Every student comes to school with a bunch of flowers for their teachers. The flowers used in the arrangement are symbolic. Dok Ma Khue (eggplant flower) stands for respect because when the tree is blooming its branches bend down in the same way a student pays respect to their teacher. Ya Praek (Bermuda grass) stands for patience or perseverance because, although the grass looks wilted, it is still very much alive. Khao Tok (popped rice) stands for discipline because the rice is placed in a pan together and heated up to become popped rice. The Dok Kem has the same name as the Thai word for needle. So it means the student will be sharp-witted and brainy.
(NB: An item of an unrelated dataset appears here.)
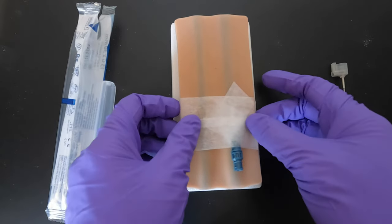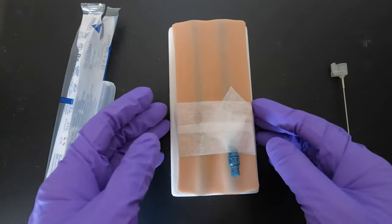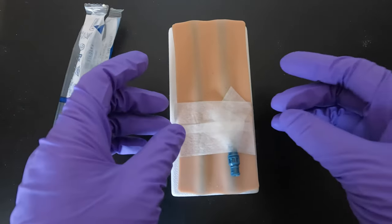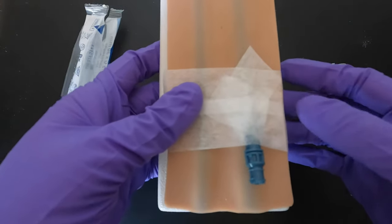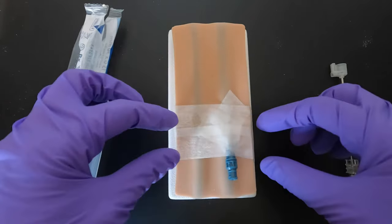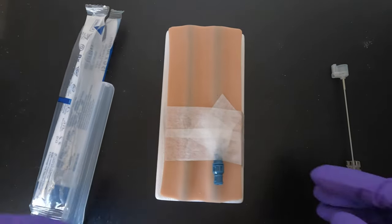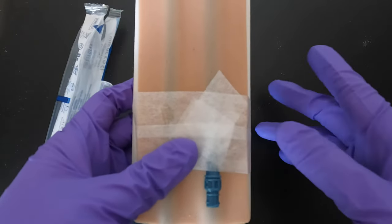In our unit, different people have different styles and techniques, and I haven't seen any patients pull out their needles because of the taping — it's secured. Some nurses tape the top first, then the crisscross, then one on top — it doesn't matter, as long as you've secured it properly.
We have had quite a few foreign educators visit our school over the years from many countries such as America, England and Australia and a few closer to home such as Singapore and Malaysia. All of them agree that Thai students are far better behaved than their counterparts in the West. They often commented that they were surprised how one teacher could control a class of 45 students. While I was taking them around the school, we sometimes came across a class where the teacher had popped out to do something. Again they were amazed how quiet and diligent the students were in the classroom even without their teacher.
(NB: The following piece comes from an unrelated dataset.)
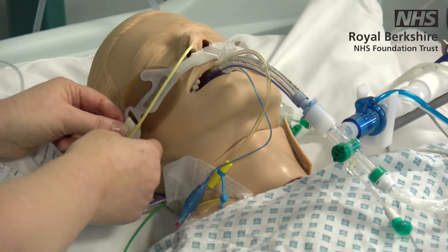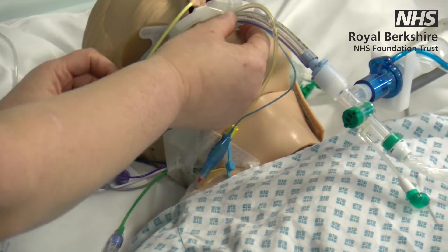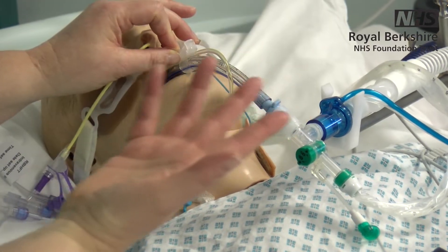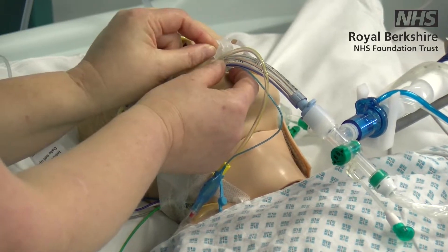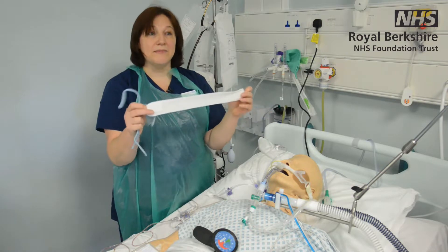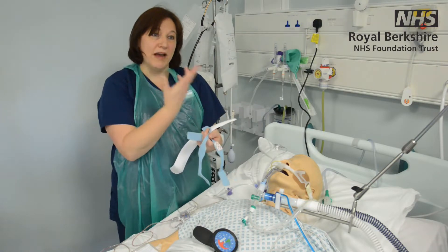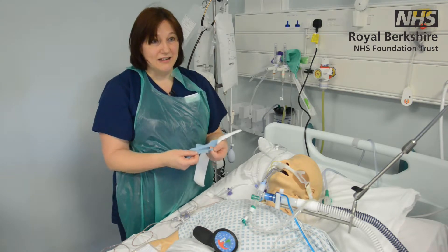The tube will be attached with various methods. In this case we've got an anchor fast, which keeps the tube quite secure without causing any pressure damage for the patient. If we needed to change this, I would do that with one of the intensive care nurses — it's certainly a two-person job. Some patients you might see use different ties or tapes, again to avoid pressure damage. They're soft and interchangeable so we can change them as they get wet or dirty, but always do it with an ICU nurse.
Of course, this is not always the case, and in the years that I have been teaching in Thailand, I have sadly seen the discipline of the students getting closer to what it is like in the West. We are starting to see the students being more rowdy and talking back to the teacher. Traditionally in Thai schools, students were taught by the rote method which is ideal when you have such big classes. It is easier to maintain discipline when everyone is doing the same thing at the same time. However, a downside of this method of teaching, is that the students are being taught what to think instead of how to think.
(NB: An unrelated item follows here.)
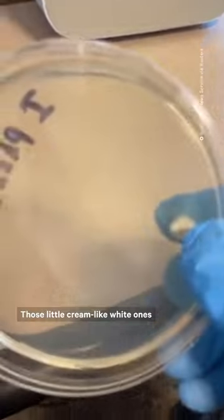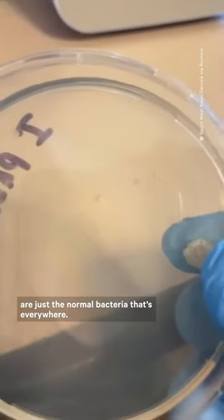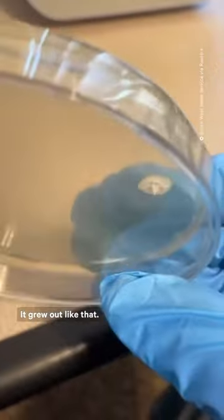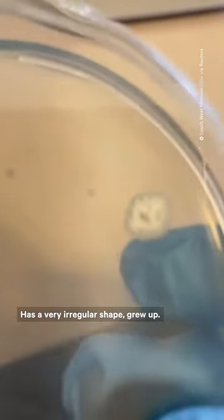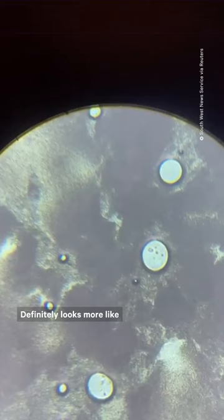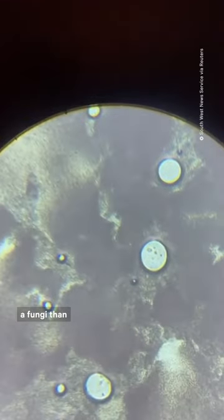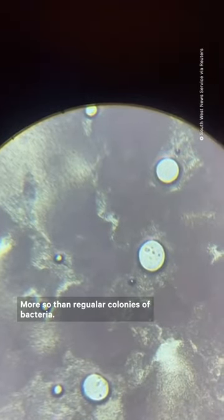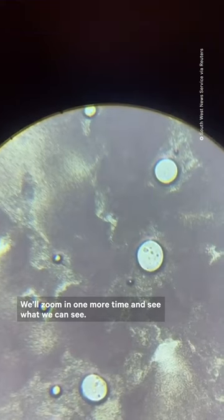Those little cream-like white ones are just the normal bacteria that's everywhere. Now this one is very interesting — it actually grew out like that. It has a very irregular shape. It definitely looks more like a fungi than like a mold or mildew, more so than regular colonies of bacteria. We'll zoom in one more time and see what we can see.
Someone in government then had the bright idea that we should copy some teaching methods from the West. So, we then started to have “child-centered” lessons where everything revolves around the student. Sitting in rows and repeating after the teacher went out the window. In came group work and free thinking. Not so bad in the long run as the students will be more developed and be able to think outside the box. But, with the students doing different things at the same time it became harder for the teachers to maintain discipline. Couple this with the teacher no longer being able to hit their students, then you start to see cheeky students like you have in the West who are trying to stretch the boundaries to see how far they can go.
I remember when I first started teaching here, I wasn’t too happy to see the students coming to my desk and having to kneel down. In Thai culture, the head of a child shouldn’t be higher than that of their elders. I kept telling them to stand up. I thought I should teach them some of my own culture at the same time as teaching English. But then, I later found out that the students were getting in trouble with some of their Thai teachers for not behaving properly. The students were trying to do the same for the other teachers as they did for me. I do miss the discipline that we had before, but that is a small price to pay to have students that can think for themselves. Instead of blindly following their elders, maybe in the future, we will have people who will make up their own minds on who to vote for in general elections. Then maybe we will then have real democracy in Thailand.